Johnson, son iki günde hem Brexit sürecinin kontrolünü elinden kaçırdı hem de parlamentodaki çoğunluğu yitirdi. Bunlar yetmezmiş gibi Muhafazakâr Parti’de kelimenin tam anlamıyla isyan çıktı. Aralarında çok önemli isimlerin olduğu 21 parlamenter partiden ihraç edilirken AB, Johnson’ın ‘Brüksel ile anlaşma sağlama konusunda ilerlendiği’ yönündeki açıklamalarını boşa çıkaran bir rapor açıkladı.
İHRAÇ FIRTINASI
Brexit sürecinde en ağır darbelerden birini iktidardaki Muhafazakâr Parti aldı. Johnson’ın, Avam Kamarası’nın çalışmalarını askıya alan ve anlaşmalı Brexit opsiyonunu riske atan yaklaşımına karşı çıkan 21 parti üyesi, önceki gün muhalefetle birlikte hareket etti. Bu adımın sonucu ise ihraç oldu. İhraç edilen isimler arasında İngiltere’nin simge siyasetçilerinden Winston Churchill’in torunu Nicholas Soames ve eski Maliye Bakanı Philip Hammond da yer alıyor.
RAPORLAR OLUMSUZ
ANLAŞMASIZ Brexit konusunda şu ana kadar hazırlanan raporların hepsi olumsuz.
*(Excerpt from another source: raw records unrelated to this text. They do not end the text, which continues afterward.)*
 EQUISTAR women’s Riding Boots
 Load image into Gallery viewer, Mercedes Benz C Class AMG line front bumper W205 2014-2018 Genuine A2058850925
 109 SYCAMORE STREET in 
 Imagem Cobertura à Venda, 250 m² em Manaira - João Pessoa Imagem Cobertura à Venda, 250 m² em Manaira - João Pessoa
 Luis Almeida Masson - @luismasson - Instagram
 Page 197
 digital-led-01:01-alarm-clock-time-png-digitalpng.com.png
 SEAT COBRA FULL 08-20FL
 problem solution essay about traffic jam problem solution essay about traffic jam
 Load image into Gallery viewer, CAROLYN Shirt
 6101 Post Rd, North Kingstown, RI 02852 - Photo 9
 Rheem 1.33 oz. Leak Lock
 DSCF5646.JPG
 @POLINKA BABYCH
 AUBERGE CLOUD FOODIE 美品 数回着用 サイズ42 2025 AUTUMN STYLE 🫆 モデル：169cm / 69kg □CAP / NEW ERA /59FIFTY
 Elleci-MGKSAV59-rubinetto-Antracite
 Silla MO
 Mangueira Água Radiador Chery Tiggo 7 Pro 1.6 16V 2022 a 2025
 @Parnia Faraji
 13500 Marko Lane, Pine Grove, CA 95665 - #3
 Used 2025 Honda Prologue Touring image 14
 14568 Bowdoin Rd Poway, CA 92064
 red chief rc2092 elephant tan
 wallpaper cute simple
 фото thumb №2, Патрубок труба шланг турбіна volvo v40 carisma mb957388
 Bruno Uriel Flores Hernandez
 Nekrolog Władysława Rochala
Resmi raporlar, ülkede gıda, ilaç, yakıt sıkıntısı yaşanacağına işaret ediyor. Ulaştırma sektörünün büyük sıkıntı çekmesi, gümrüklerde kaos yaşanması ve sosyal giderlerde önemli artış olması da olası etkiler arasında. Dün yayımlanan Değişen Avrupa’da Birleşik Krallık başlıklı araştırma programının raporunda, anlaşmasız Brexit durumunda AB ile ticaret engellerinin de etkisiyle ülkenin resesyona doğru itileceği, İngiliz para biriminin değer kaybedeceği ve enflasyonun yükseleceği uyarısında bulunuldu. Anlaşmasız Brexit sonrasında Dünya Ticaret Örgütü kurallarına dayanacak bir İngiltere-AB ilişkisinde büyümenin AB üyesiyken yakalanan hızdan çok daha yavaş olacağı, on yıl içinde kişi başına gelirde yüzde 4-9 aralığında düşüş yaşanacağı raporda yer alıyor.
‘KRALLIK BÖLÜNEBİLİR’
Uluslararası kredi derecelendirme kuruluşlarından DBRS, bir adım daha ileri giderek zayıflayan ekonomik ortam ve ülke içindeki ayrılıkların etkisiyle anlaşmasız Brexit’in Birleşik Krallık’ın bölünmesi riskini artıracağına dikkat çekti. DBRS, İskoçya’nın bağımsızlığını olası bir bölünmenin en muhtemel nedeni olarak görüyor.
Brexit’in olumsuz etkileyeceği ülkeler arasında Türkiye de gösteriliyor. Bunun nedeni ise Türkiye’nin AB’deki ikinci önemli pazarının İngiltere olması. Anlaşmasız ayrılığın Türk ihracatına olumsuz etkisi yıllık 2.4 milyar dolar olarak hesaplanıyor. Brexit ile Türkiye’nin AB’deki önemli bir destekçisini kaybedecek olması da bir başka olumsuz unsur.
AVRUPA BİRLİĞİ: ALTERNATİF YOK
JOHNSON’ın mevcut Çekilme Anlaşması’na itirazının odağında Brexit sonrasında İrlanda ile Kuzey İrlanda arasında fiziki sınır oluşmasını engellemek için oluşturulan tedbir maddesi (backstop) yer alıyor. Johnson, daha iyi bir çözüm bulunana kadar İngiltere’yi AB ile gümrük birliğinde tutacak, Kuzey İrlanda’nın da Ortak Pazar kurallarına bağlı kalması sonucunu doğuracak maddenin iptalini istiyor. Londra, bu talebe rağmen şu ana kadar tedbir maddesine alternatif bir öneri üretemedi. Brexit önlemlerini içeren son raporunu dün açıklayan AB Komisyonu, şu aşamada tedbir maddesinin alternatifi olmadığını belirtti. Sürenin daralması ve İngiltere’deki siyasi durumun anlaşmasız ayrılık riskini arttırdığı da belgenin vurguları arasında yer aldı. AB, normalde doğal felaketler için kullanılan Avrupa Dayanışma Fonu’nu gerekmesi halinde devreye sokma kararı aldı. Anlaşmasız Brexit’in yaratacağı olası ekonomik sorunları hafifletmek için kullanılacak bu fondaki kaynak miktarı yaklaşık 600 milyon Euro. Avrupa Küreselleşme Uyum Fonu’nu da aktive edecek AB’nin yaratacağı kaynak toplamda 780 milyon Euro olacak.